On June 28, 2022, SM Culture Partners and Aventures, participated in an investment for Photo Widget, an iOS-only service that provides themes and widget functions. The service has attracted a series A investment of 3.5 billion won from SM Entertainment Group and 1 billion won from Aventures with a cumulative investment amount of 4.5 billion won. With the investment, Photo Widget has planned to expand various collaborations by using SM's IP. On February 23, 2023, MineIs, a start-up that operates the used fashion shopping service, Charan, garnered 4.15 billion won in seed investment. SM Culture Partners, along with Goodwater Capital, CJ Logistics, T-Investment, Schmidt, and SparkLabs are among those who participated in the investment.

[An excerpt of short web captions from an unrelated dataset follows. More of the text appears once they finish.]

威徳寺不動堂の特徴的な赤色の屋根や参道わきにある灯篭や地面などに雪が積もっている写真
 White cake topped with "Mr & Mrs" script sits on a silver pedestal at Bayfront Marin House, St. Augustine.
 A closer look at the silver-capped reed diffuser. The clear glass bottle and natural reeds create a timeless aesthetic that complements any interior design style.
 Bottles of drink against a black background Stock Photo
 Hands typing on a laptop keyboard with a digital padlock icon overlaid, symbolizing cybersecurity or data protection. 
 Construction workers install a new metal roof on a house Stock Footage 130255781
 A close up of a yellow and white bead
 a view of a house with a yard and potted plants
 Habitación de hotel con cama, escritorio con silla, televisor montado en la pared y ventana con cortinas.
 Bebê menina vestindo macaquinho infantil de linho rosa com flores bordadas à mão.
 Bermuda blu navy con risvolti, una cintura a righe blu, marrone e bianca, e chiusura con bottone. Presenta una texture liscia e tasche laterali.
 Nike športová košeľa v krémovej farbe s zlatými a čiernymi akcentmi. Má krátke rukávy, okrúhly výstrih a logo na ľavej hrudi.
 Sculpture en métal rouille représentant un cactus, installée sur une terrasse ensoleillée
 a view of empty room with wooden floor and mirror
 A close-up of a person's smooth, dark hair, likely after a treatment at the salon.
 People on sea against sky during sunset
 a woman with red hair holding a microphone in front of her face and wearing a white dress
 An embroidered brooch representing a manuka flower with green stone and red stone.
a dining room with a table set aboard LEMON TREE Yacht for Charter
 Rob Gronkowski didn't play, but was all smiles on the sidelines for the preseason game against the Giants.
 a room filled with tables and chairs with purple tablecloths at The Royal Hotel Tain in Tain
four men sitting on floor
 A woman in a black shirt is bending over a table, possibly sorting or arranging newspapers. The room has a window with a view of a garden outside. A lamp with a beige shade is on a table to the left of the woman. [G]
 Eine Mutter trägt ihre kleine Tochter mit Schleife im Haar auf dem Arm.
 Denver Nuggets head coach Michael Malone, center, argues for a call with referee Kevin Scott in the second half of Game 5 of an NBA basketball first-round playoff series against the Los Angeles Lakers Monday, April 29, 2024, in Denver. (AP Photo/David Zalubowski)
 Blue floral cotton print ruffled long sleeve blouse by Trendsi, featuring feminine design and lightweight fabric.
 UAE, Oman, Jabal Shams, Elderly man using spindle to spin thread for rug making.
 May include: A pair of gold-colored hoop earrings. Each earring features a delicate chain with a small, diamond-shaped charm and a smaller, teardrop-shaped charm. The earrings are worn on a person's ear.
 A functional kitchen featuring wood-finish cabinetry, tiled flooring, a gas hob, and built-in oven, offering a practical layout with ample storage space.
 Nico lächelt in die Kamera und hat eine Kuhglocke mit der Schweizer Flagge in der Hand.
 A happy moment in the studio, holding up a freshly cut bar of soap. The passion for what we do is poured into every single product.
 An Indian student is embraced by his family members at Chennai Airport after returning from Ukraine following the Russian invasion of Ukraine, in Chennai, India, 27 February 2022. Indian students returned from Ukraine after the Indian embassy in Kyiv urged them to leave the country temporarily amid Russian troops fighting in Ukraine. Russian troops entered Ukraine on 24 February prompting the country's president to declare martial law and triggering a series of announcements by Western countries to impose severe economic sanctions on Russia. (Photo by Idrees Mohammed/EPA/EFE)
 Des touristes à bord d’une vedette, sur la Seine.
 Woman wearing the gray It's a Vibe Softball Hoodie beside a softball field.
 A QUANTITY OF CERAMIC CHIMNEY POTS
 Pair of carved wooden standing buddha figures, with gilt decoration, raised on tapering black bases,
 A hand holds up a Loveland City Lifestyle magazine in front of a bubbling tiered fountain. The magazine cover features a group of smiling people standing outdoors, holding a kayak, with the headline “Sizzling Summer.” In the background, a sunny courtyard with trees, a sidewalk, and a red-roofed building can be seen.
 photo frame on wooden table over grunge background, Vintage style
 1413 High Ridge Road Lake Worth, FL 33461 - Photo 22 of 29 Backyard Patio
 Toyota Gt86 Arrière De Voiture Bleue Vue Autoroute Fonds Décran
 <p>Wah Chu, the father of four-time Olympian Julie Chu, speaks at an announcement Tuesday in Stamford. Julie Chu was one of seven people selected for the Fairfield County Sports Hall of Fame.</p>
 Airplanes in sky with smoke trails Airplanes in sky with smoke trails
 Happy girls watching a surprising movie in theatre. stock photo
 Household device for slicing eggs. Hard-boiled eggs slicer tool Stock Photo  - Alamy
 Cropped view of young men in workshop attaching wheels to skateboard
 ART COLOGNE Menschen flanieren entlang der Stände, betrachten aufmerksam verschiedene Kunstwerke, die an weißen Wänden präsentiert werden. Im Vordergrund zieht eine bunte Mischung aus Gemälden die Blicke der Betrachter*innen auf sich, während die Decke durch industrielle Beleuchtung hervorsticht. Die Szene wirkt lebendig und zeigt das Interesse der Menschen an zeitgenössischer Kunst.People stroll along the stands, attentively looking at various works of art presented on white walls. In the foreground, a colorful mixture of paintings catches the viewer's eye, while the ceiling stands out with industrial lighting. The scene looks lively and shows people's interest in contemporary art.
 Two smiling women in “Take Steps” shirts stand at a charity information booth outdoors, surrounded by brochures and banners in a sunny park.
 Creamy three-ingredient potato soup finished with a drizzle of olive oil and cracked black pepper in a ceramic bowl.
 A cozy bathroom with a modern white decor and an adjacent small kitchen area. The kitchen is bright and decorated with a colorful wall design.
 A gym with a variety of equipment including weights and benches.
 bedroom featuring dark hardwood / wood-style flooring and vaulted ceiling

On November 13, 2023, Variety Magazine reported that SM Culture Partners, along with KDDI's subsidiary Global Brain, Sfermion, Laguna Investment and Foresight Ventures, invested $8,000,000 through Series A fundraising into the South Korean record label, entertainment agency and platform company Modhaus, which was founded by former SM Entertainment employee and ex-Blockberry Creative executive Jaden Byung-gi Jeong. Modhaus is home to the girl groups tripleS and ARTMS.

== Programs ==
On May 15, 2023, SM Culture Partners and CNT Tech announced their recruitment for Culturetech Challenge. The program is set to "discover and support" culture-tech startups that have the prospect to produce "new" value by combining culture and technology. It will include metahuman solutions that support the production and activities of virtual artists, new content technology that allows more efficient content creation, and metaverse interaction that creates a virtual space where fans and artists can communicate without time and space constraints. Startups selected through the screening are provided with close accelerating programs such as market verification, mentoring, proof of concept (PoC) with SMCP and SM Entertainment, and demo days for five months, along with opportunities to draw investments of over 100 million won. An SMCP official said that the program would reflect the company's direction to "increase and grow the value" of the local cultural industry with startups.